(Dataset items)

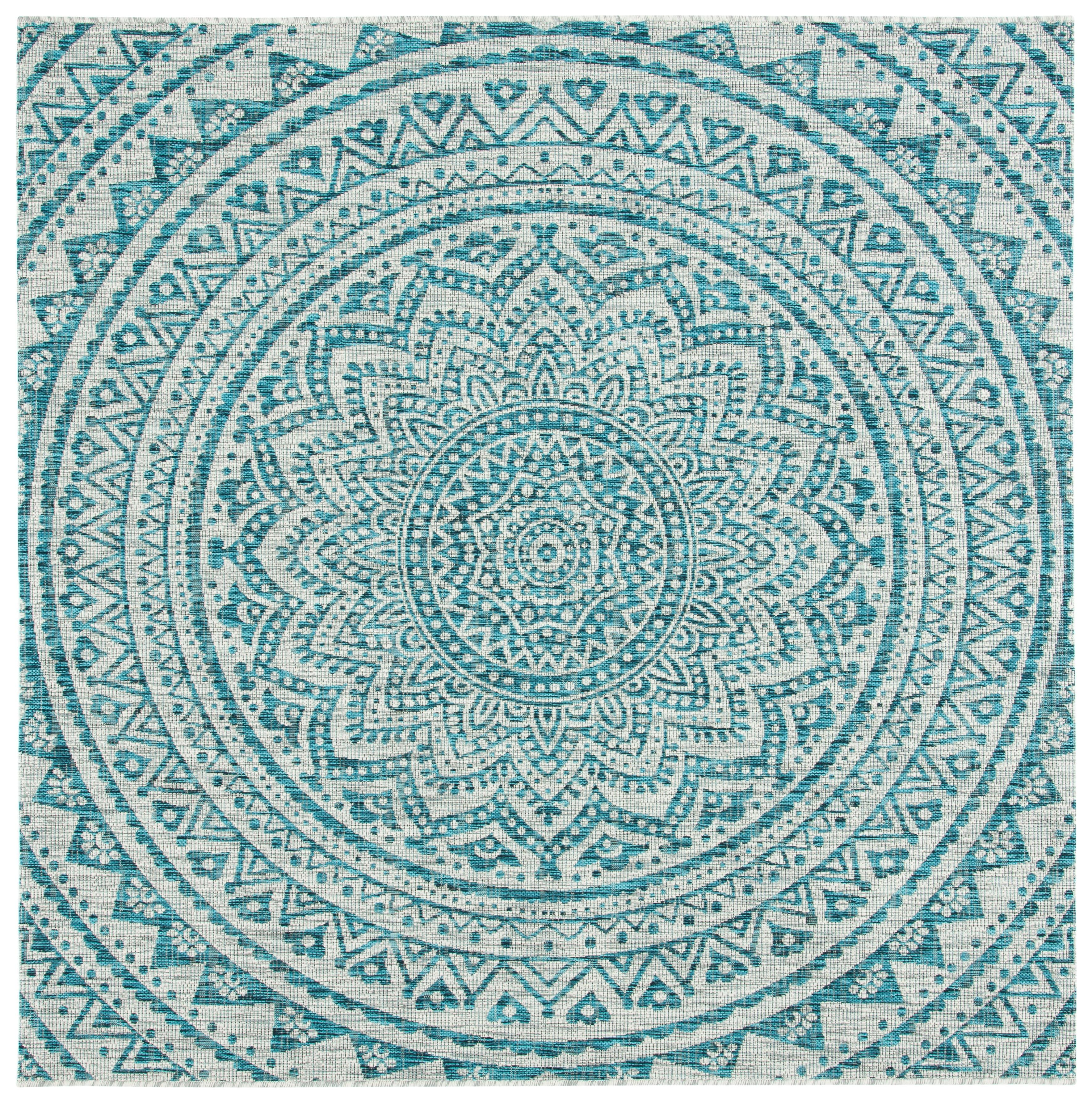 Courtyard CY8734 Power Loomed Indoor and Outdoor Accent Rug - Light Grey/Teal - 3'x3' - Safavieh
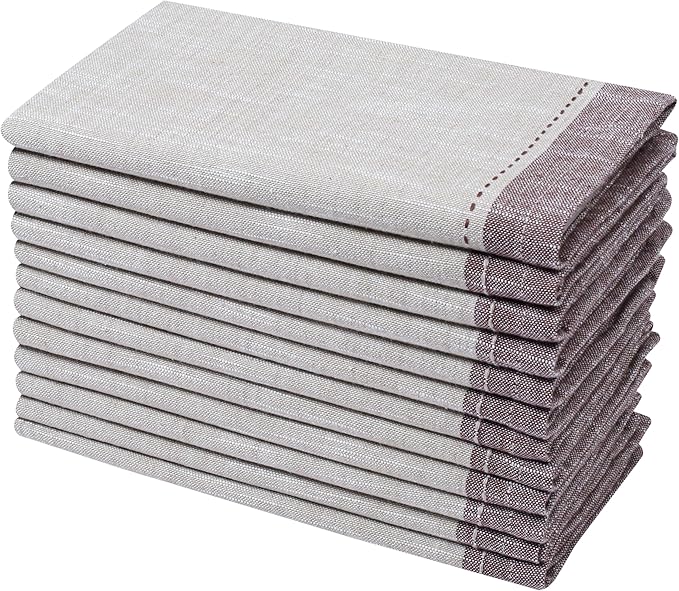 Ramanta Home Cloth Napkins Set of 12 Textured Cotton 18x18 - Premium Contrast Border Thanksgiving Dinner Napkins for Christmas Farmhouse Wedding, Soft Washable Table Linen for Everyday Use - Beige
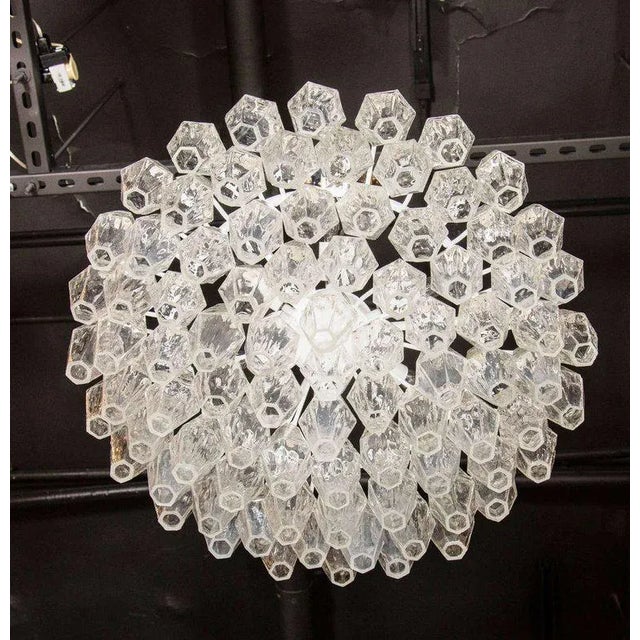 Modernist Handblown Translucent Murano Glass Polyhedral Chandelier For Sale In New York - Image 6 of 8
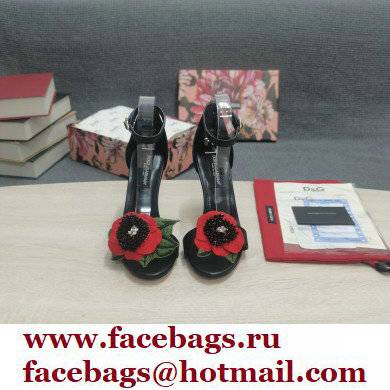 Dolce  &  Gabbana DG Logo Heel 10.5cm Black Red Roses Sandals Black 2022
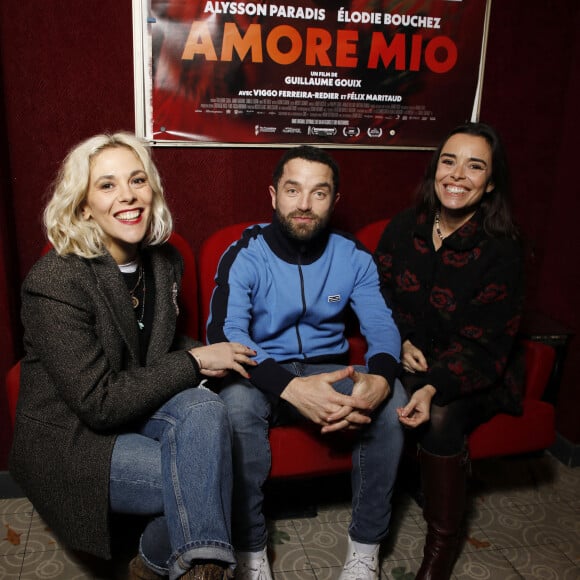 Exclusif - Alysson Paradis, Guillaume Gouix et Elodie Bouchez lors de l'avant-première du film "Amore Mio" au Cinéma Saint-André des Arts à Paris. © Denis Guignebourg / Bestimage 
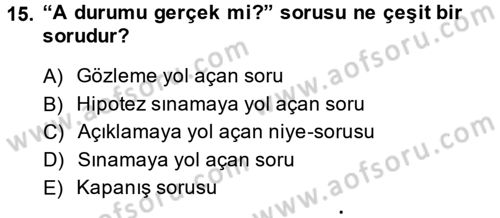 Bilim Felsefesi Dersi Ara Sınavı Deneme Sınav Soruları 15. Soru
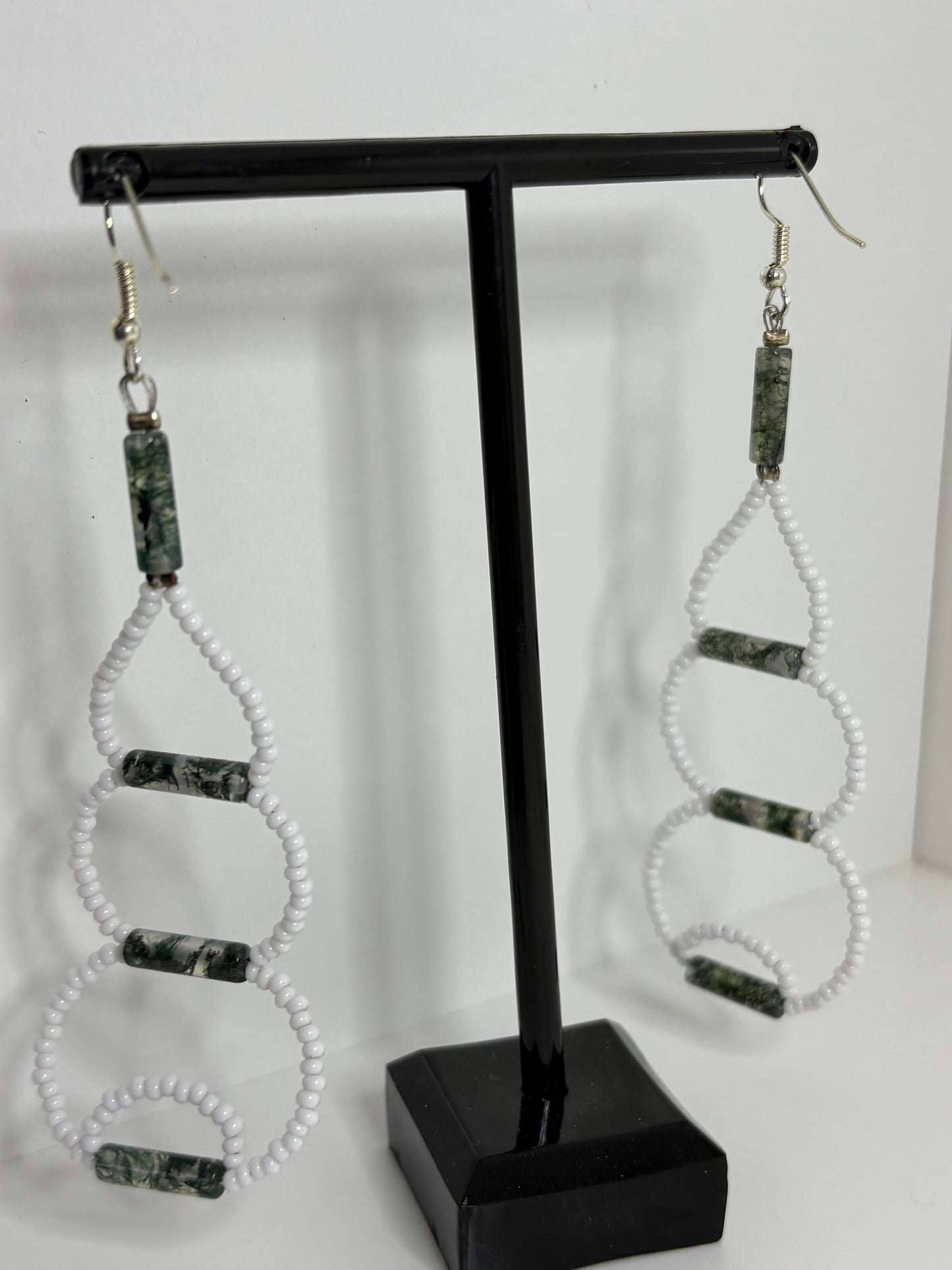 Moss Agate Gemstone Crystal White Weave Beaded Statement Earrings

Assignment: Once the pictures are removed, return the entries exactly as they stand.

Reply to the exercise:
 Courtyard CY8734 Power Loomed Indoor and Outdoor Accent Rug - Light Grey/Teal - 3'x3' - Safavieh
 Ramanta Home Cloth Napkins Set of 12 Textured Cotton 18x18 - Premium Contrast Border Thanksgiving Dinner Napkins for Christmas Farmhouse Wedding, Soft Washable Table Linen for Everyday Use - Beige
 Modernist Handblown Translucent Murano Glass Polyhedral Chandelier For Sale In New York - Image 6 of 8
 Dolce  &  Gabbana DG Logo Heel 10.5cm Black Red Roses Sandals Black 2022
 Exclusif - Alysson Paradis, Guillaume Gouix et Elodie Bouchez lors de l'avant-première du film "Amore Mio" au Cinéma Saint-André des Arts à Paris. © Denis Guignebourg / Bestimage 
 Bilim Felsefesi Dersi Ara Sınavı Deneme Sınav Soruları 15. Soru
 Moss Agate Gemstone Crystal White Weave Beaded Statement Earrings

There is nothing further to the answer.